[Data listing]
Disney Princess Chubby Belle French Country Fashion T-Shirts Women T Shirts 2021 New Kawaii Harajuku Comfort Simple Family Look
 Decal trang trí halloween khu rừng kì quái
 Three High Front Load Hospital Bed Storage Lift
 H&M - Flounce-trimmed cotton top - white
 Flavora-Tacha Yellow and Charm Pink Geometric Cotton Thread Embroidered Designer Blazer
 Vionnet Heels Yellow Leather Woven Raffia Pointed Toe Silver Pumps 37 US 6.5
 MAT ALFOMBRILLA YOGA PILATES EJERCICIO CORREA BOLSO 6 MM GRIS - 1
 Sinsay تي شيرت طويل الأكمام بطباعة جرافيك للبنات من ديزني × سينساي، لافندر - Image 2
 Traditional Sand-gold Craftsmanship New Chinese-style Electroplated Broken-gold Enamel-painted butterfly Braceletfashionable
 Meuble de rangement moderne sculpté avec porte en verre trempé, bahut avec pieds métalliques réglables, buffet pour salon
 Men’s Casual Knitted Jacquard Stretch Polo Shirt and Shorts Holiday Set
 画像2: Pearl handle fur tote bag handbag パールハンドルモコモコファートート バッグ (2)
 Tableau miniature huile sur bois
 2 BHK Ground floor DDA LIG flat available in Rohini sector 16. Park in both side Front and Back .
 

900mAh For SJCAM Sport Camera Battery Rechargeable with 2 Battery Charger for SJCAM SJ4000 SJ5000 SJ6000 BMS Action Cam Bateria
[/Data listing]
#### Work request
The answer should be the complete set of records, printed exactly.

#### Written answer
Disney Princess Chubby Belle French Country Fashion T-Shirts Women T Shirts 2021 New Kawaii Harajuku Comfort Simple Family Look
 Decal trang trí halloween khu rừng kì quái
 Three High Front Load Hospital Bed Storage Lift
 H&M - Flounce-trimmed cotton top - white
 Flavora-Tacha Yellow and Charm Pink Geometric Cotton Thread Embroidered Designer Blazer
 Vionnet Heels Yellow Leather Woven Raffia Pointed Toe Silver Pumps 37 US 6.5
 MAT ALFOMBRILLA YOGA PILATES EJERCICIO CORREA BOLSO 6 MM GRIS - 1
 Sinsay تي شيرت طويل الأكمام بطباعة جرافيك للبنات من ديزني × سينساي، لافندر - Image 2
 Traditional Sand-gold Craftsmanship New Chinese-style Electroplated Broken-gold Enamel-painted butterfly Braceletfashionable
 Meuble de rangement moderne sculpté avec porte en verre trempé, bahut avec pieds métalliques réglables, buffet pour salon
 Men’s Casual Knitted Jacquard Stretch Polo Shirt and Shorts Holiday Set
 画像2: Pearl handle fur tote bag handbag パールハンドルモコモコファートート バッグ (2)
 Tableau miniature huile sur bois
 2 BHK Ground floor DDA LIG flat available in Rohini sector 16. Park in both side Front and Back .
 

900mAh For SJCAM Sport Camera Battery Rechargeable with 2 Battery Charger for SJCAM SJ4000 SJ5000 SJ6000 BMS Action Cam Bateria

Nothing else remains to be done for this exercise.